[Saved entries]
————————
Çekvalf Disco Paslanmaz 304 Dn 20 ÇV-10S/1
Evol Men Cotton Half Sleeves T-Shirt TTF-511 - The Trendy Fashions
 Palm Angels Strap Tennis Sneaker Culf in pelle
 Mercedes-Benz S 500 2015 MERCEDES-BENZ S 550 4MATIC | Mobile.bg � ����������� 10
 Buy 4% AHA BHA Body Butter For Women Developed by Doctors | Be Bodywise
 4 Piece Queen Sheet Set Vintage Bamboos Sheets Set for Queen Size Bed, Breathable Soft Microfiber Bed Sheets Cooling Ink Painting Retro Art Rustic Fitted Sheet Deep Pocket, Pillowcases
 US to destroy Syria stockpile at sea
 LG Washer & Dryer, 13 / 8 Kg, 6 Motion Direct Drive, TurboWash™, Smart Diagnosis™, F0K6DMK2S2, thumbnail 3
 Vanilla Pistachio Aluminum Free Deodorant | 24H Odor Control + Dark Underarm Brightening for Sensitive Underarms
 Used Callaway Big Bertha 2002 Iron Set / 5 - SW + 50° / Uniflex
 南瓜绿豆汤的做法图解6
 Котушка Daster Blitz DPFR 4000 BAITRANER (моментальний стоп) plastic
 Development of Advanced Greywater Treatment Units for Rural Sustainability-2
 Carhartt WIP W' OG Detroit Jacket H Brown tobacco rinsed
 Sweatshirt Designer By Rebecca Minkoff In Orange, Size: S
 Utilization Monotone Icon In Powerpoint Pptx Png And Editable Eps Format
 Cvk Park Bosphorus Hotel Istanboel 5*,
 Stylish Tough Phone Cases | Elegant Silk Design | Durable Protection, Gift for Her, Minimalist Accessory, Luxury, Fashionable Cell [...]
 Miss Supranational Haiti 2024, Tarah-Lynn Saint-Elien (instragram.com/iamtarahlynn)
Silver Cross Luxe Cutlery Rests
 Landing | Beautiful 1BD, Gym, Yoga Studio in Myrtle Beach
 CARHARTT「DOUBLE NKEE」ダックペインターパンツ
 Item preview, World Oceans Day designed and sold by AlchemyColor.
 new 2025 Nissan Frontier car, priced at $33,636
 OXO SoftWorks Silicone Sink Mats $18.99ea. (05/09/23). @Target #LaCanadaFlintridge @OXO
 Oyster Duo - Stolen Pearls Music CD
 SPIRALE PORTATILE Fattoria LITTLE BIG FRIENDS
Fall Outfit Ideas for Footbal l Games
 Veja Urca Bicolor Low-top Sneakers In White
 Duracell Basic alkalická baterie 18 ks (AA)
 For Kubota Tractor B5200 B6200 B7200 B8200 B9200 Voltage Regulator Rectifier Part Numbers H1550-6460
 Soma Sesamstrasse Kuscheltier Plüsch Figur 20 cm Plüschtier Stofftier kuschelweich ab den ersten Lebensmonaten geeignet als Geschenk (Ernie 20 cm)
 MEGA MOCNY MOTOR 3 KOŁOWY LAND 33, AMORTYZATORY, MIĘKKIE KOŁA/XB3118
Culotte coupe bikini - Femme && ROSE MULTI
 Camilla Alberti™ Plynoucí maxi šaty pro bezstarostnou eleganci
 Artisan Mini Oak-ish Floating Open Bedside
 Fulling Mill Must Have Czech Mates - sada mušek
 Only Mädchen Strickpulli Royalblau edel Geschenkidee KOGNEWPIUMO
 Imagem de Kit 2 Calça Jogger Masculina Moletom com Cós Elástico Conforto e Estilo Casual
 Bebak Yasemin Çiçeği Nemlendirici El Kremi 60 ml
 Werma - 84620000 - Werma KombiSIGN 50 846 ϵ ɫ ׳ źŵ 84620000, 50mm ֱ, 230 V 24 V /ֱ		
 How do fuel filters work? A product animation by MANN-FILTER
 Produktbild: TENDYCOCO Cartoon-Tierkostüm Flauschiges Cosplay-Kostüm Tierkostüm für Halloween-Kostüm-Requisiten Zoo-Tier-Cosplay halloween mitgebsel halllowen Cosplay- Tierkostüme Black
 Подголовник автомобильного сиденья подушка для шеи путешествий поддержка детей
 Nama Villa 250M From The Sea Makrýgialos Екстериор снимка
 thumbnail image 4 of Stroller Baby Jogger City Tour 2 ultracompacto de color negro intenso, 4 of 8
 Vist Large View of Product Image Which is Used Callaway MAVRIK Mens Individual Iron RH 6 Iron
————————
All the entries should be written out again precisely.

*WRITTEN ANSWER*
Çekvalf Disco Paslanmaz 304 Dn 20 ÇV-10S/1
Evol Men Cotton Half Sleeves T-Shirt TTF-511 - The Trendy Fashions
 Palm Angels Strap Tennis Sneaker Culf in pelle
 Mercedes-Benz S 500 2015 MERCEDES-BENZ S 550 4MATIC | Mobile.bg � ����������� 10
 Buy 4% AHA BHA Body Butter For Women Developed by Doctors | Be Bodywise
 4 Piece Queen Sheet Set Vintage Bamboos Sheets Set for Queen Size Bed, Breathable Soft Microfiber Bed Sheets Cooling Ink Painting Retro Art Rustic Fitted Sheet Deep Pocket, Pillowcases
 US to destroy Syria stockpile at sea
 LG Washer & Dryer, 13 / 8 Kg, 6 Motion Direct Drive, TurboWash™, Smart Diagnosis™, F0K6DMK2S2, thumbnail 3
 Vanilla Pistachio Aluminum Free Deodorant | 24H Odor Control + Dark Underarm Brightening for Sensitive Underarms
 Used Callaway Big Bertha 2002 Iron Set / 5 - SW + 50° / Uniflex
 南瓜绿豆汤的做法图解6
 Котушка Daster Blitz DPFR 4000 BAITRANER (моментальний стоп) plastic
 Development of Advanced Greywater Treatment Units for Rural Sustainability-2
 Carhartt WIP W' OG Detroit Jacket H Brown tobacco rinsed
 Sweatshirt Designer By Rebecca Minkoff In Orange, Size: S
 Utilization Monotone Icon In Powerpoint Pptx Png And Editable Eps Format
 Cvk Park Bosphorus Hotel Istanboel 5*,
 Stylish Tough Phone Cases | Elegant Silk Design | Durable Protection, Gift for Her, Minimalist Accessory, Luxury, Fashionable Cell [...]
 Miss Supranational Haiti 2024, Tarah-Lynn Saint-Elien (instragram.com/iamtarahlynn)
Silver Cross Luxe Cutlery Rests
 Landing | Beautiful 1BD, Gym, Yoga Studio in Myrtle Beach
 CARHARTT「DOUBLE NKEE」ダックペインターパンツ
 Item preview, World Oceans Day designed and sold by AlchemyColor.
 new 2025 Nissan Frontier car, priced at $33,636
 OXO SoftWorks Silicone Sink Mats $18.99ea. (05/09/23). @Target #LaCanadaFlintridge @OXO
 Oyster Duo - Stolen Pearls Music CD
 SPIRALE PORTATILE Fattoria LITTLE BIG FRIENDS
Fall Outfit Ideas for Footbal l Games
 Veja Urca Bicolor Low-top Sneakers In White
 Duracell Basic alkalická baterie 18 ks (AA)
 For Kubota Tractor B5200 B6200 B7200 B8200 B9200 Voltage Regulator Rectifier Part Numbers H1550-6460
 Soma Sesamstrasse Kuscheltier Plüsch Figur 20 cm Plüschtier Stofftier kuschelweich ab den ersten Lebensmonaten geeignet als Geschenk (Ernie 20 cm)
 MEGA MOCNY MOTOR 3 KOŁOWY LAND 33, AMORTYZATORY, MIĘKKIE KOŁA/XB3118
Culotte coupe bikini - Femme && ROSE MULTI
 Camilla Alberti™ Plynoucí maxi šaty pro bezstarostnou eleganci
 Artisan Mini Oak-ish Floating Open Bedside
 Fulling Mill Must Have Czech Mates - sada mušek
 Only Mädchen Strickpulli Royalblau edel Geschenkidee KOGNEWPIUMO
 Imagem de Kit 2 Calça Jogger Masculina Moletom com Cós Elástico Conforto e Estilo Casual
 Bebak Yasemin Çiçeği Nemlendirici El Kremi 60 ml
 Werma - 84620000 - Werma KombiSIGN 50 846 ϵ ɫ ׳ źŵ 84620000, 50mm ֱ, 230 V 24 V /ֱ		
 How do fuel filters work? A product animation by MANN-FILTER
 Produktbild: TENDYCOCO Cartoon-Tierkostüm Flauschiges Cosplay-Kostüm Tierkostüm für Halloween-Kostüm-Requisiten Zoo-Tier-Cosplay halloween mitgebsel halllowen Cosplay- Tierkostüme Black
 Подголовник автомобильного сиденья подушка для шеи путешествий поддержка детей
 Nama Villa 250M From The Sea Makrýgialos Екстериор снимка
 thumbnail image 4 of Stroller Baby Jogger City Tour 2 ultracompacto de color negro intenso, 4 of 8
 Vist Large View of Product Image Which is Used Callaway MAVRIK Mens Individual Iron RH 6 Iron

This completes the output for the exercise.